Preparing Antigens Using a Baculovirus Expression System.

Abstract

Baculovirus-produced recombinant proteins circumvent many of the issues that limit bacterial protein production. Baculoviruses contain double-stranded, circular, supercoiled DNA in a rod-shaped capsid. The viral life cycle includes three major phases: (1) early (or virus synthesis) phase (0.5-6 h after infection), which includes viral attachment, uncoating early viral gene expression, and shutting off host gene expression; (2) late phase (6-12 h after infection), which includes viral replication and formation of budded virus containing host plasma membrane and glycoprotein (gp)64, which is required for virus entry; and (3) very late phase (24-96 h after infection), which includes formation of polyhedral inclusion bodies and cell lysis.
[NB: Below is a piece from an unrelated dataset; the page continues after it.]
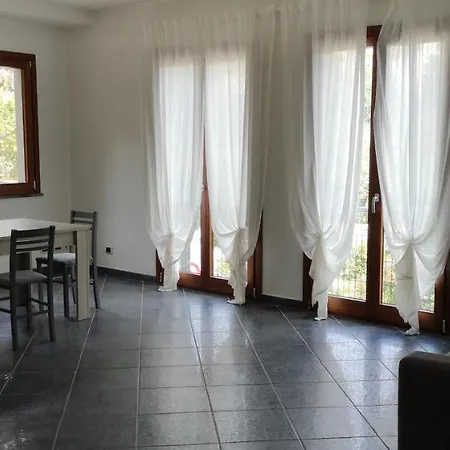 Nepitella Casa vacanze Rio dellʼElba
Large proteins can thus be produced readily in abundant quantities. Furthermore, posttranslational modifications of the protein similar to those of mammals (such as phosphorylation, disulfide-bond formation, and even glycosylation) will occur; indeed, because typical baculovirus constructs produce secreted proteins, most products will be glycosylated. Baculovirus expression systems are safe, because baculoviruses are nonpathogenic to mammals and plants, and insect cells can be grown easily in suspension culture, which makes protein production easy to scale up. Counterbalancing this approach, however, is the need to perform a two-step process: first cloning the gene into the recombination donor vector and then generating the viral construct. At that point, the virus can be used as a mixture or plaque-purified. Insect cells are then infected with the virus, and the proteins are produced.